Aussitôt, je compris que le moment que j’attendais tant, celui où je serais enfin utile pour le groupe, était arrivé. Je ramassai immédiatement quelques branches éparpillées sur le sol et les regroupais en un seul tas, heureux de servir enfin à quelque chose. Je pouvais sauver la vie de quelqu’un, et je ferais tout pour y arriver. L’occasion que j’attendais depuis si longtemps pour prouver mon importance s’était enfin présentée. Je ne la laisserais pas filer.
Je sortis mon briquet de la poche de mon jean délavé et fis apparaître une flamme bleuâtre. J’approchai le feu du bois. Celui-ci, extrêmement sec, s’enflamma immédiatement, inondant la caverne d’une douce et chaleureuse lumière. Pour la première fois depuis notre arrivée dans la grotte, nous pûmes explorer les lieux.
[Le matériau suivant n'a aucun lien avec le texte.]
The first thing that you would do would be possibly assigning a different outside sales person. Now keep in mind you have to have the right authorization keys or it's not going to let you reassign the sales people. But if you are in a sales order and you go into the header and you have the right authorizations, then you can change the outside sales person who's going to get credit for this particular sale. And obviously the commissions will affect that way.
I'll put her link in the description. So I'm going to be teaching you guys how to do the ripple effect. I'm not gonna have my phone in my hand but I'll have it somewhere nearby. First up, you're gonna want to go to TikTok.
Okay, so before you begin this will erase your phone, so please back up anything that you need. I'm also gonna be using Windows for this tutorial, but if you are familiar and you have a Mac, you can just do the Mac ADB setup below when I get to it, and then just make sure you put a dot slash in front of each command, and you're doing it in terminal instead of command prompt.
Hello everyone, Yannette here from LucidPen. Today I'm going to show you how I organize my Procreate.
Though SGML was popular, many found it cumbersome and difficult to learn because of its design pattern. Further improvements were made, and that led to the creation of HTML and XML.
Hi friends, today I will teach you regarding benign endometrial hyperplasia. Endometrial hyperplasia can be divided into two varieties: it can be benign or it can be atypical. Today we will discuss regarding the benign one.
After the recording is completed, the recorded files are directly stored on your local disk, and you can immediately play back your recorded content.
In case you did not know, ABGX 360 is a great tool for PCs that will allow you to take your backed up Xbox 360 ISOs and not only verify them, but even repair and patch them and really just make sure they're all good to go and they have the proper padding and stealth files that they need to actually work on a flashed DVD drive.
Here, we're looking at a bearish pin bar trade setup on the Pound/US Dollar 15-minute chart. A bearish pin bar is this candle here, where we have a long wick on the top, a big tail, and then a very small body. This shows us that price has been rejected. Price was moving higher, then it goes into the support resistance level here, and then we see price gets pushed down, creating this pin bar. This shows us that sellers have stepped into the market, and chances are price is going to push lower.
Nous étions dans une sorte de tunnel, haut d’environ trois mètres et large d’autant. Le corridor s’enfonçait dans les entrailles insondables de la montagne. Derrière nous, la porte était immuable et semblait faite de la même roche que le reste des murs. Ceux-ci, d’une couleur grisâtre, étaient grossièrement taillés de façon à former un plafond en forme d’arche. Le sol, de la même consistance que les murs, était couvert de débris, essentiellement des pierres et des branches.
Je m’arrachai à ma contemplation de la caverne et saisis une branche plus humide, qui brûlait moins ardemment que les autres, et se consumait donc plus lentement. Je venais de créer une torche. J’étais fier de moi.
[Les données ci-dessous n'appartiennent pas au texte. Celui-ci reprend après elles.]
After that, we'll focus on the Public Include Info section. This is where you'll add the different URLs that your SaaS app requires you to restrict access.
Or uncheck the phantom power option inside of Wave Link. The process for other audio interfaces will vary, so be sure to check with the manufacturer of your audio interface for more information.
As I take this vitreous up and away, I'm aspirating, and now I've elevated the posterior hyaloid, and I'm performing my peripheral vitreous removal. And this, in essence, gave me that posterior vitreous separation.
-Flo, tu es un génie ! s’émerveilla Jaws.
Un sourire se dessina sur mes lèvres. Même dans la pire des situations, un compliment fait toujours chaud au cœur.
-Allez-y, servez-vous, dis-je aux autres en désignant le tas de bois incandescent.
Je ne pus m’empêcher de remarquer à quel point le groupe était silencieux. J’en déduis que la plupart somnolaient, complètement fatiguée par le voyage et les épreuves que nous avions endurées.
Elli se précipita sur le feu, suivie par le reste du groupe, avant de s’avancer d’un pas rapide vers le blessé. Je marchai sur ses talons et pus observer le désastre : Alexey gisait sur le sol, un épieu d’une cinquantaine de centimètres figé entre ses côtes. Emeline poussa un petit cri et se précipita vers lui, oubliant toute prudence.
-Attend ! criais-je affolé.
Mais il était trop tard. Le mécanisme s’était une nouvelle fois actionné. C’est alors que je compris le fonctionnement du piège. Une dalle de deux mètres de long et occupant toute la largeur du couloir venait de s’enfoncer sous les pieds de la jeune femme. Elle était couverte de poussière et de débris, presque invisible. Ce qui suivit fût si rapide que je doutai de la réalité de la chose. Trois trous superposés apparurent sur la paroi de droite. Aussitôt, trois épieu sortirent de chacun des trous et filèrent à une vitesse hallucinante vers l’autre mur où ils disparurent. Souple, Elli avait été assez rapide pour les éviter. Je soupirai, rassuré.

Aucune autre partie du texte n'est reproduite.